Penthesilea, likewise begun at Königsberg, also lays bare the innermost depths of a woman's heart. Again a new content is given to a Greek legend, which to our modern feeling is scarcely comprehensible. By endowing the heroine with a supreme need for love and at the same time with an unconquerable desire to gain the mastery over her lover, the poet creates an extreme type, a strange mixture of attractive and repulsive features, but after all grand and symmetrical. all the charm of his language, melodious and yet not cloying, of his images full of feeling and picturesque effects, Kleist poured out in Penthesilea as in no other work; and yet it is just the very one which is most difficult to comprehend.

He only finished it in Dresden, after the misfortunes of the Fatherland had startled him out of his brief period of quiet in Königsberg and an unfortunate incident had caused him to be thrust into prison in France. And now for the third time he tried again, from another point of view, to portray the essential character of the loving wife. As a companion picture to Penthesilea he wrote Käthchen von Heilbronn, whose heroine voluntarily endures every ill treatment and every disgrace which the loved one heaps upon her. Clothed with all the charm of the fairy-story the gracious figure had an effect like a miraculous picture. But in contradistinction to the vague, fantastic manner with which the Romanticists of his day treated similar subjects, here everything is set forth clearly and definitely. Kleist chose the popular form of the drama of chivalry and by a revision met the requirements of the stage better than he had done before. For this reason Käthchen attained a popularity beyond any of his other works and was proof even against the wretched stage-versions in which it had to appear.

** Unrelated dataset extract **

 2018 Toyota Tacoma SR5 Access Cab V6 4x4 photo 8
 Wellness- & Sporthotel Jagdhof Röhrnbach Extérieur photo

A burning hatred of Napoleon drove the author out of Dresden when Austria rose in 1809 to fight for freedom. At that time he wrote Die Hermannsschlacht to inspire the Germans to a national war against the conqueror. But embittered passion could produce no work of art and the unsuitable material, which had always been intractable to dramatists, helped to bring about the failure of this powerful drama, though it was very impressive in individual passages.

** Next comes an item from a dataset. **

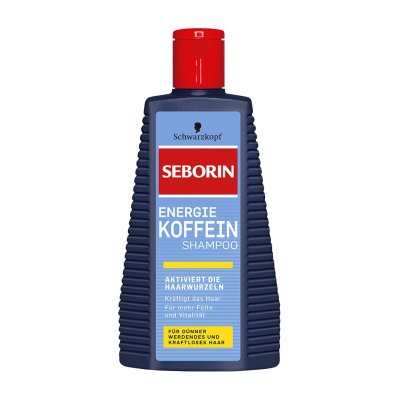 Seborin Koffein Šampon 250 ml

When Austria was vanquished, Kleist again and for the last time sought help in Berlin. He brought with him a new work, Der Prinz von Homburg, a companion piece to Hermannsschlacht. It showed where the poet saw the hope for the salvation of his native country, namely, in the Prussian spirit of unconditional obedience and in a readiness to sacrifice everything for the state. Kleist does not make his prince despise death like the ordinary heroes of tragedy; on the contrary, he trembles so violently in its presence that everything else in comparison with mere existence seems as nothing. But the conviction of the necessity of discipline conquers even this fear of death and the prince is ready to suffer the punishment he has deserved for his transgression. Thus the power of the sense of duty, through which Prussia has become great, is upheld in all its strength. In the Prinz von Homburg Kleist produced his best and last work. All the brilliant characteristics, which make his figure stand out prominently from the great crowd of dramatists, he displayed in this work as never before and combined them with full mastery over all artistic devices. His power as a poet was still increasing when despair and an intolerable disgust of life drove him, on November 21, 1811, into voluntary death.

In his lifetime only Der zerbrochene Krug and Käthchen von Heilbronn were put upon the stage. Kleist's fame blossomed late and even then his attempt to create a realistic drama met with little appreciation. The field belonged to the false idealism of the descendants of classicism.